Começou a pentear os cabelos pretos, fazendo uma busca visual pelo cômodo atrás dos itens de higiene e do inseparável estojo de  maquiagem ... Até os olhos cruzarem com algo no espelho.

Foi só de relance, mas tinha visto algo, algo que tinha dado uma má impressão na garota. Sentiu um arrepio percorrer a espinha. Olhou em volta rapidamente vendo a porta do banheiro aberta que levava para sala, a cortina clara bloqueando a luz do sol da manhã,  o box fechado denunciando uma calcinha largada no piso. Nada de mais.

Os lamentos haviam diminuído no apartamento ao lado, e isso só podia ser um bom sinal. Os pensamentos se desdobraram em inúmeras idéias de passeio e relaxamento. Um parque, shopping,  um cinema talvez...

- Não pisque. - Como por mágica o rosto  de Lídia parou, fixo na própria imagem, a lógica falha do momento refletida no olhar frenético em busca de respostas, indo de um canto a outro do objeto reflexivo. As pálpebras fixas, abertas e deslocadas da expressão facial. Nada além dela.

- Estava com saudades... -  o corpo paralisado, tenso começou a pesar, ir pouco a pouco pra frente, a inclinação forçada e a sensação incomoda de algo pesando, algo se aconchegando sobre seu corpo. Os olhos começaram a lacrimejar,  forçados a ficar abertos tanto tempo, doíam e ardiam impiedosamente.

Sentia um corpo pressionando o seu, as mãos se posicionando na pia e o rosto encostando no espelho frio, os olhos abertos sem realmente ver nada. A sensação de impotência era insuportável, enlouquecedora!

A boca aberta começando a deixar fios de saliva caírem lentos, passeando relaxadamente pelo pescoço de Lidia, desenhando rios de frustração por seu corpo acabando ora ou outra no ralo da pia do banheiro.

Pássaros cantavam lá fora e os sons da cidade continuavam os mesmos lá embaixo. Carros, pessoas, histórias,  risos e prantos, chegadas e despedidas. Tudo normal. Normal...
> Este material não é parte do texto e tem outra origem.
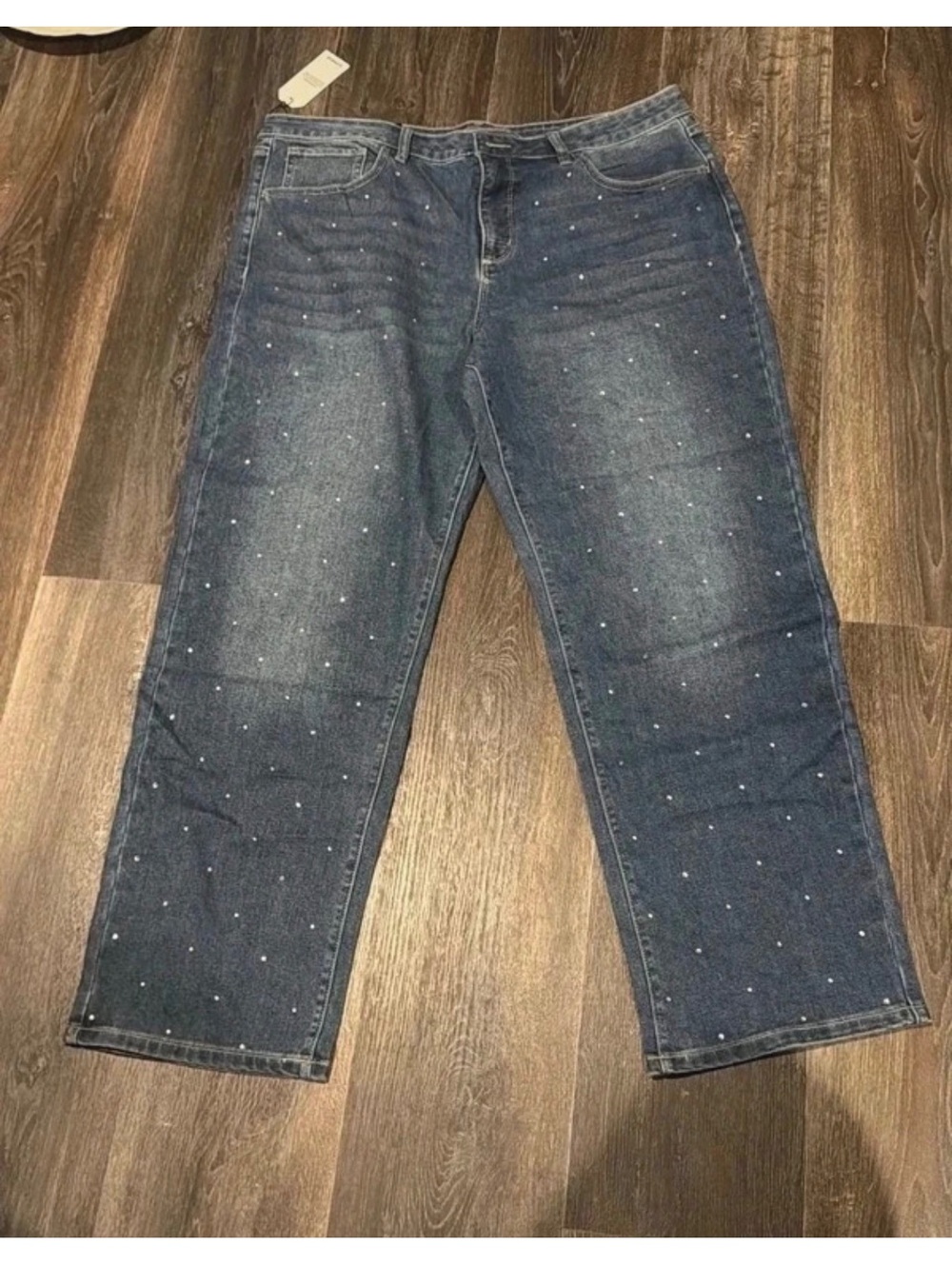 Express Women's Embellished Blue Denim Jeans Size 16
- Sei que você queria falar muitas coisas. Nós sabemos como você é falante - sentiu na nuca , do lado esquerdo  a respiração quente, áspera,  rascante, uma risada baixa, guardada somente para aquele momento. Bizarramente carinhosa,  familiar e confidente. - Hoje é um dia lindo minha querida. Hoje é um dia deliciosamente lindo, meu amor. - era uma mescla de vozes, doentes,  enjoadas em seus próprios males e dores.
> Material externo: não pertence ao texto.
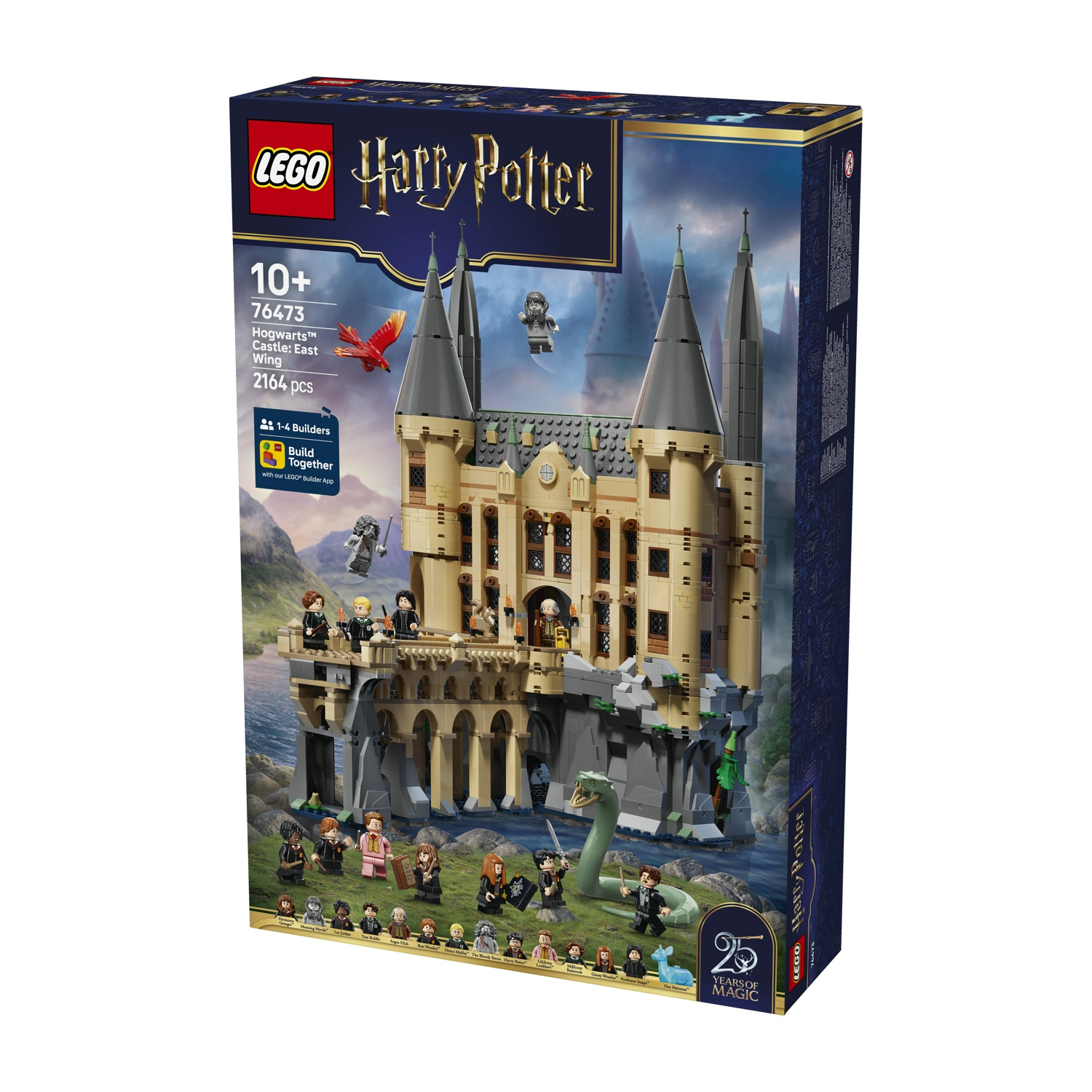 Scatola set Lego Harry Potter Castello di Hogwarts Ala Est con figure e modello.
Os olhos completamente vermelhos desceram pesados como se nunca tivessem realmente realizado sua função antes. Uma, duas, três,  várias vezes,  descontroladas sem ritmo, procurando somente alguns momentos de alívio antes  de um novo movimento. Claro, escuro, claro, escuro, claro, escuro, claro, escuro... vermelho.

Claro, escuro.

A respiração cansada não tinha noção correta de quanto tempo já se passou. Sabia que estava no chão gelado do banheiro, a torneira aberta e água caindo pelo piso , a calcinha ainda caída dentro do box. A cabeça doendo um pouco e a camisola colada no corpo,  pegajosa, um corpo estranho ... Sentiu um enjôo súbito e tentou virar o corpo , mas  estava pesada, lenta e começou a se afogar com cada golfada de comida que tentava voltar, tossindo alto enquanto o corpo se arqueava de maneiras bizarras.
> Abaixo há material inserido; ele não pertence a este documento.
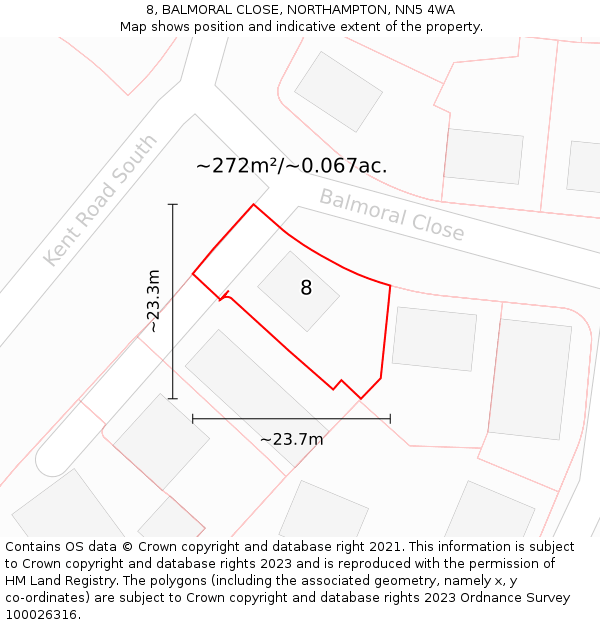 8, BALMORAL CLOSE, NORTHAMPTON, NN5 4WA: Plot and title map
O peito doía de modo excruciante, a garganta áspera,  e depois de alguma luta por controle, Lídia estava recostada na parede abaixo da pia, os olhos ainda vermelhos, doendo, a cabeça martelando violentamente agora. A visão embacada por lágrimas que rolavam involuntárias,  deixando manchas das mais variadas cores preenchendo o campo de visão . Soluço. Tosse. Uma dor puxando outra numa corrente maldita. Claro, escuro.